**What the exercise asks:**
Your task is to return, word for word, only the lines from the line with "Double Black Diamond" through the close of the data. Exclude all pictures.
#### Dataset content ####
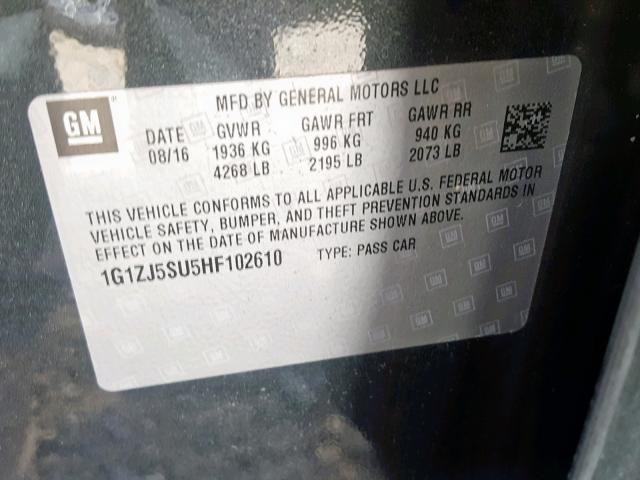 1G1ZJ5SU5HF102610 - 2017 CHEVROLET MALIBU HYB 灰色 照片 10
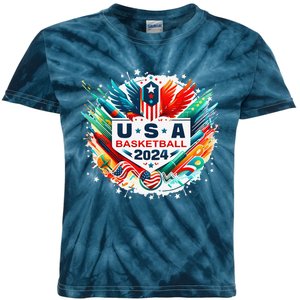 Usa 2024 United States Basketball American Sport 2024 Usa Kids Tie-Dye T-Shirt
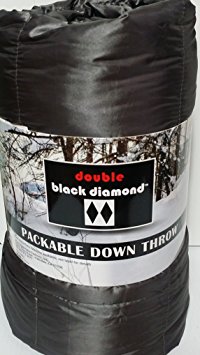 Double Black Diamond Ultra Light Indoor/Outdoor ALL SEASON Packable Down Throw Blanket with Stuff Sack -60" X 70"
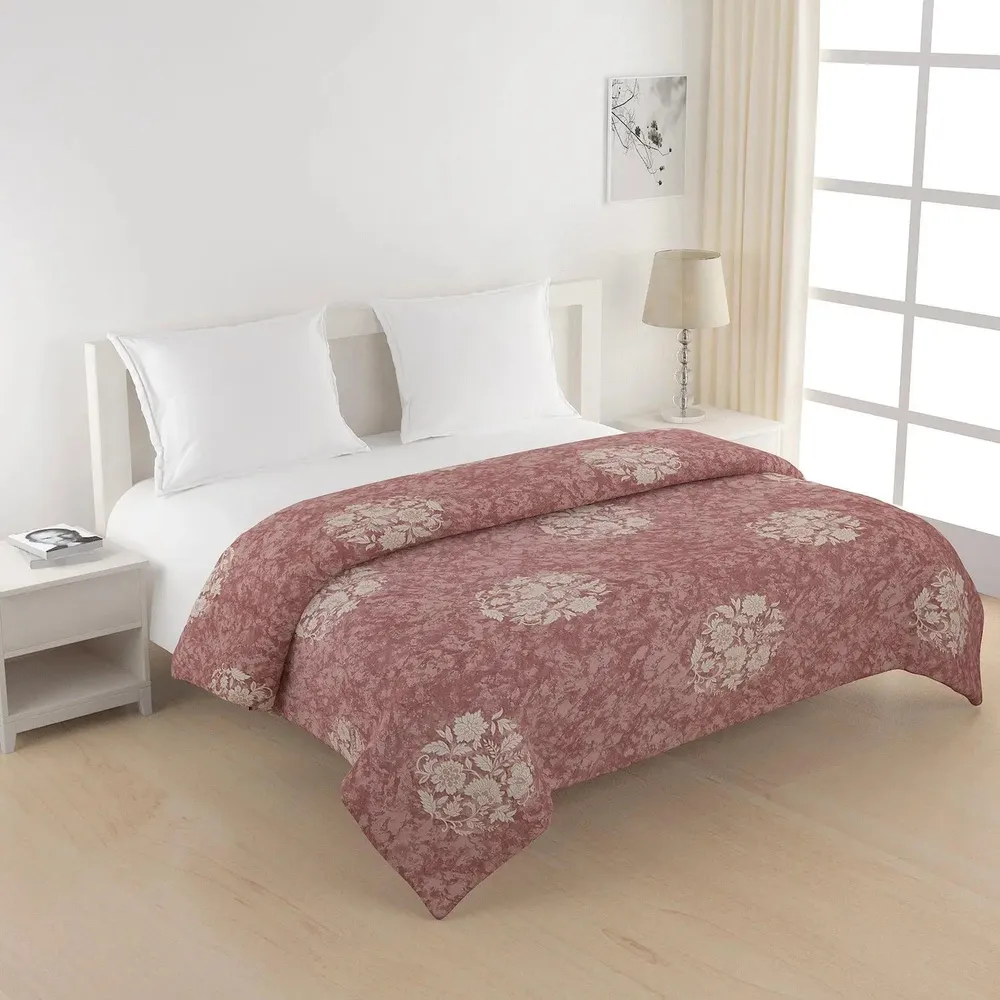 Swayam Floral Design 150 GSM Pure Cotton Double Size AC Comforter , Brown and Off white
####
**Exercise solution:**
 Double Black Diamond Ultra Light Indoor/Outdoor ALL SEASON Packable Down Throw Blanket with Stuff Sack -60" X 70"
 Swayam Floral Design 150 GSM Pure Cotton Double Size AC Comforter , Brown and Off white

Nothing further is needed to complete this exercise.